Yes, you can submit orders at once or in batches. For tracking you need to periodically check again which orders are filled. If api supports web sockets then you well be informed of the fill automatically.
so do i need to check 200 orders by 200 calls to the server using rest protocol? or I can check 200 orders by one call to the server?
Sorry, to be perfectly correct in my previous comment, whether we are able to place multiple orders at once or check fill of multiple orders at once is not dependent upon REST technology but dependent upon the brokers API.
TD Ameritrade supports REST APIs (see https://developer.tdameritrade.com/apis ) via OAuth 2.0 -- JSON response. You need to register. Yes, a single call can get all your current balances, positions and orders -- Up to your calling program to parse and store.
if I have 10000 orders outstanding on the broker server, can one call get all the information?

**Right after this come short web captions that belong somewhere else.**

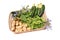 Fresh harvest vegetables in a basket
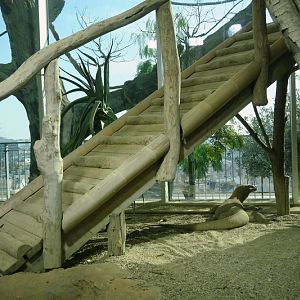 Komodo dragon with a view - 9th floor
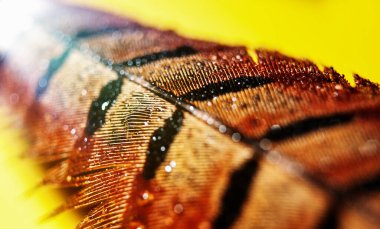 Sülün tüyüne su damlası. Sarı arkaplanda renkli bir sülün tüyü üzerine bir makro su damlası..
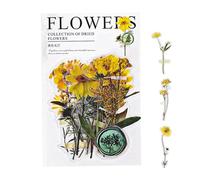 Pold Flower Ratings - Waterproof Natural Decorative Stickers, Craft Floral Stickers | Botanical Stickers for Creative Albums, Artistic Scrapbooking, Journals pers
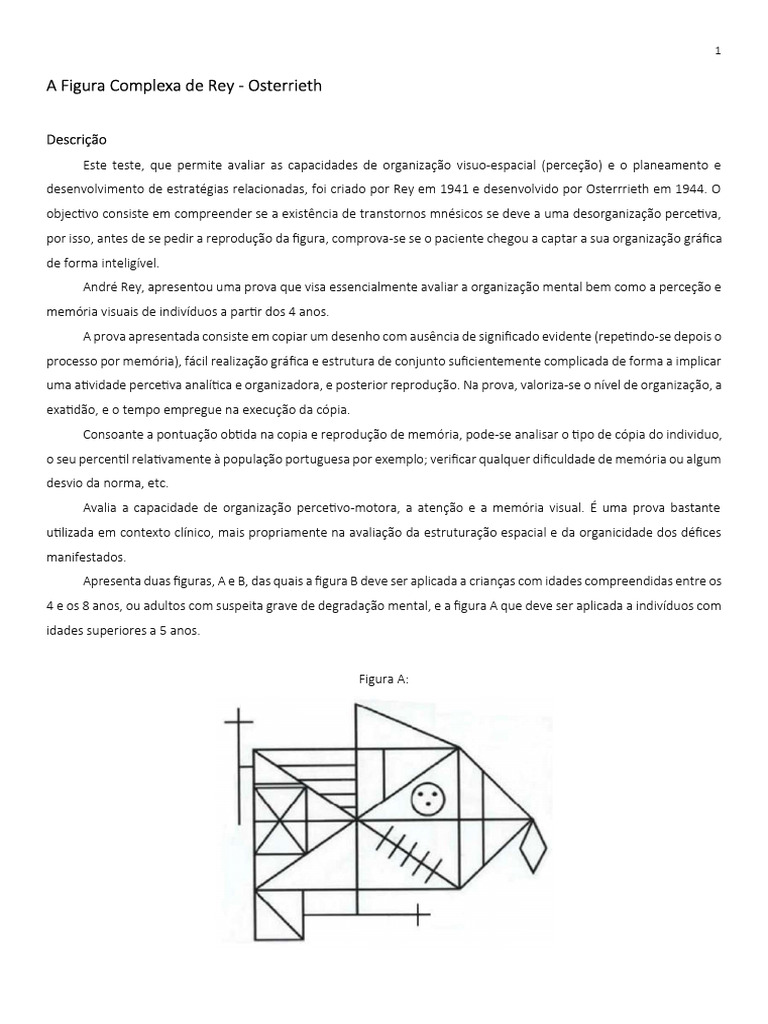 Avaliação da Figura Complexa de Rey | PDF | Tempo | Memória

I guess the message is too large given you have to poll every seconds and poll those orders never filled.
Yes, it polls every order. I think there is an option to specify the particular order ID - not sure. But every second is certainly too frequent.
A few years back I actually wrote to a rest api in Python no less. Fully automated market maker program on futures calendar spreads. It was "meh" - it worked, slowly but fast enough not to get caught (most of the time). Bulk of the latency was actually in network, not in my code.